**DATA EXTRACT:**
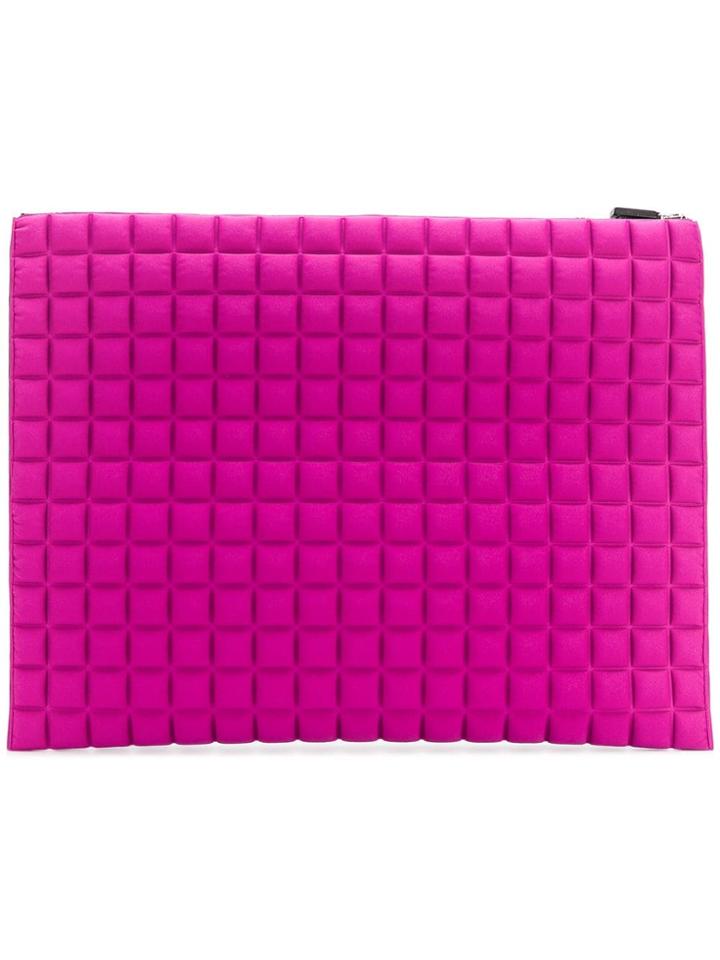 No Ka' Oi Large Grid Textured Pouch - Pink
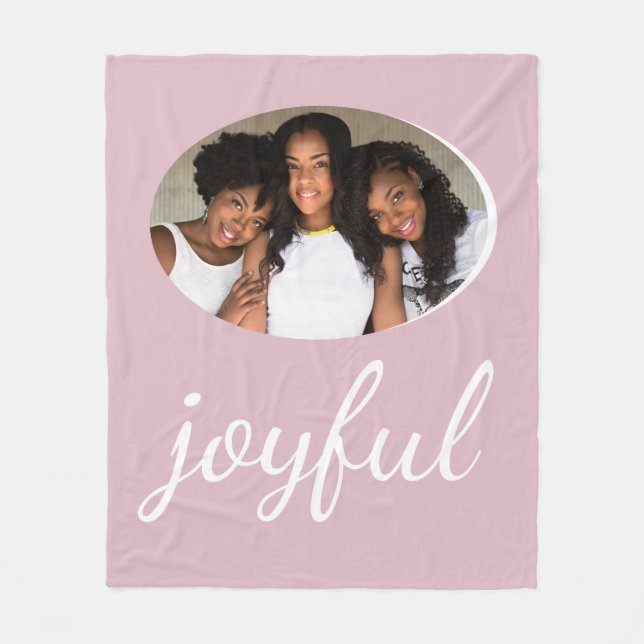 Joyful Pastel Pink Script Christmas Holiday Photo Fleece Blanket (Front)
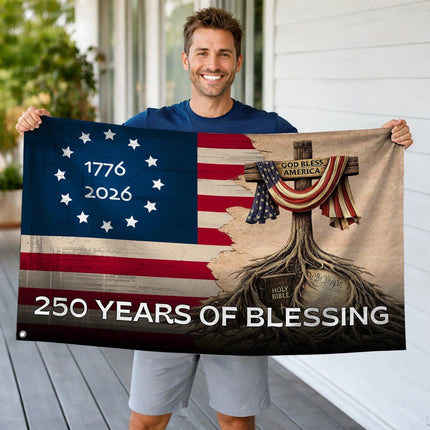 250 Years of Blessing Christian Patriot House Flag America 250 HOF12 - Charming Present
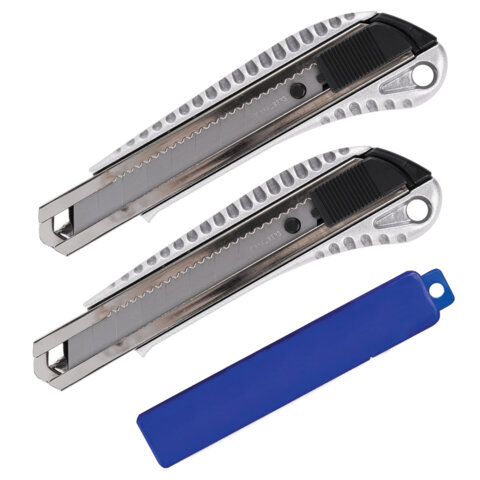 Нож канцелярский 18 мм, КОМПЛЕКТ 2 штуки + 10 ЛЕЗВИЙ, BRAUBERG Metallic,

**YOUR GOAL:** Please retype the listing exactly, leaving out any images.

**COMPLETED EXERCISE:**
 No Ka' Oi Large Grid Textured Pouch - Pink
 Joyful Pastel Pink Script Christmas Holiday Photo Fleece Blanket (Front)
 250 Years of Blessing Christian Patriot House Flag America 250 HOF12 - Charming Present
 Нож канцелярский 18 мм, КОМПЛЕКТ 2 штуки + 10 ЛЕЗВИЙ, BRAUBERG Metallic,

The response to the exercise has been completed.